Consumer Confusion Ahead

Get ready for the kind of pitches you're used to from phone wars.

While electric deregulation may sound appealing - with its prospect of lower rates - in practice it could prove bewildering.

You've been through the telephone wars that fill your mailbox with confetti and your dinner hour with sales pitches from people selling low long-distance rates.

Choosing electricity providers promises to be at least as confusing, but less financially rewarding. Where the phone wars slashed your bill, electric deregulation may offer only marginal savings.

To ensure that the change puts some change in consumers' pockets, some of the first states to deregulate, such as Massachusetts and California, are mandating rate cuts of 10 percent or more (see list of state activity, left).

But as such mandates are phased out during a transition period dictated by the states, some consumer advocates predict rate cuts will stall - at least in the short term.

"The reality is, there is not going to be anything cheaper available for residential and small business customers," says Rob Sargent of the Massachusetts Public Interest Research Group (MassPIRG) in Boston.

One reason: Power generation, the part of your power bill that's being opened up to free-market competition, accounts for less than 20 percent of a typical residential bill.

The bigger costs are for transmission and distribution - and that part of your bill will still be set under the old regulated-monopoly rules.

So, even if new power providers cut in generating costs by 10 percent, it will shave less than 2 percent off your total bill.

Nobody knows for sure how the prices will shake out. And they will vary by region.

What is certain is that more and more Americans will be besieged with offers. Some companies may bundle electric power with Internet service or frequent-flier miles or cash back, for instance.

In California, some new electric-service providers offer "green energy" - power produced mostly from hydro, wind, and solar sources - at a premium price.

Users should be cautious of such claims.

Just because you sign up with a company that offers environmental energy production doesn't mean that's where the electrons come from when you turn on your toaster.

Therein lies the confusion.

Officials admit it's impossible to know what power comes from what sources.

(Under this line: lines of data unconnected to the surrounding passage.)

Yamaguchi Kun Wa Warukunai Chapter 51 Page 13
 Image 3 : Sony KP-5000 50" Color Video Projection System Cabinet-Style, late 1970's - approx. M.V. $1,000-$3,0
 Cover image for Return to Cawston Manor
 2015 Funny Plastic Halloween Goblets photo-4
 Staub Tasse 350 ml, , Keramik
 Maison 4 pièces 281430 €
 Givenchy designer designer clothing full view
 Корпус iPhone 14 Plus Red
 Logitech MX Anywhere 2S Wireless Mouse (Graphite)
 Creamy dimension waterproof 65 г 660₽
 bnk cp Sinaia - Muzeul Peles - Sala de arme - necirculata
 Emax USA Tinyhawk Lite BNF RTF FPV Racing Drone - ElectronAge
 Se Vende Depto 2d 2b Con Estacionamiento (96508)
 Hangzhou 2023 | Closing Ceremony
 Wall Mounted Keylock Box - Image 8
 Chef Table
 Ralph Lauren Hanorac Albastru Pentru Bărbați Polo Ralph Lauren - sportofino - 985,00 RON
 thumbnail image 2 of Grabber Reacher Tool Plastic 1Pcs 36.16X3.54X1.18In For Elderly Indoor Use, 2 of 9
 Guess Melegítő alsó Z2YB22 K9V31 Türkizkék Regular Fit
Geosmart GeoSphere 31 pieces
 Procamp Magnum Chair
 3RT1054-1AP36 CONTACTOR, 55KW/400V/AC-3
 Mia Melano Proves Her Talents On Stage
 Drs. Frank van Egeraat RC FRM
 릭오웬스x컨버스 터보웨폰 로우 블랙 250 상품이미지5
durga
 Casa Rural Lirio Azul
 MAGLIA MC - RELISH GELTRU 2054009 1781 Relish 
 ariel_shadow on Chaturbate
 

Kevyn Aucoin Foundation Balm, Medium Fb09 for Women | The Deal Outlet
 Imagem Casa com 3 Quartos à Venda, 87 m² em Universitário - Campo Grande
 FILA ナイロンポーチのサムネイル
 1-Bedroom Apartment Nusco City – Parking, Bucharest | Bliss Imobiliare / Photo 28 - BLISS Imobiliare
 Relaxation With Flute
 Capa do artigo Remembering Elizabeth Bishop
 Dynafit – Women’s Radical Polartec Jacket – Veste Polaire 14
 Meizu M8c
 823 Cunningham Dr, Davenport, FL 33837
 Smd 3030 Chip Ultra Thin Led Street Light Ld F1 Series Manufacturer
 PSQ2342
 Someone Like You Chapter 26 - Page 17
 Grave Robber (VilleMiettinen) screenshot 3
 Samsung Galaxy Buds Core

"It's more like owning an environmental mutual fund," says Linda Sherry of Consumer Action, a San Francisco-based watchdog group. Your money supports the environmental cause, but perhaps indirectly.

In most states, electric bills will have a section labeled something like "competition transition cost." This will pay for investments utilities made in unprofitable nuclear and other power plants.

Old rules made utilities responsible for providing enough power to meet peak demand at any cost, and these plants arguably made sense. But they add up to as much as 40 percent of current electric bills. And it will take as long as 10 years to pay for them.

The one state that refused to reimburse utilities for these debts, New Hampshire, has seen its deregulation efforts stymied in court.

To get lower rates, consumers could turn to "power brokers," wholesalers who combine small power users into groups large enough to negotiate discounts. Apartments in a building or houses in a neighborhood could use these middlemen. And while individuals could choose another provider, the power brokers will likely offer the lowest rates.

Another strategy, Ms. Sherry recommends, is finding companies that offer lower rates for off-peak usage.

It's too early to know what advice to give consumers, Sherry says. But consumer groups will be paying close attention to states that implement deregulation first.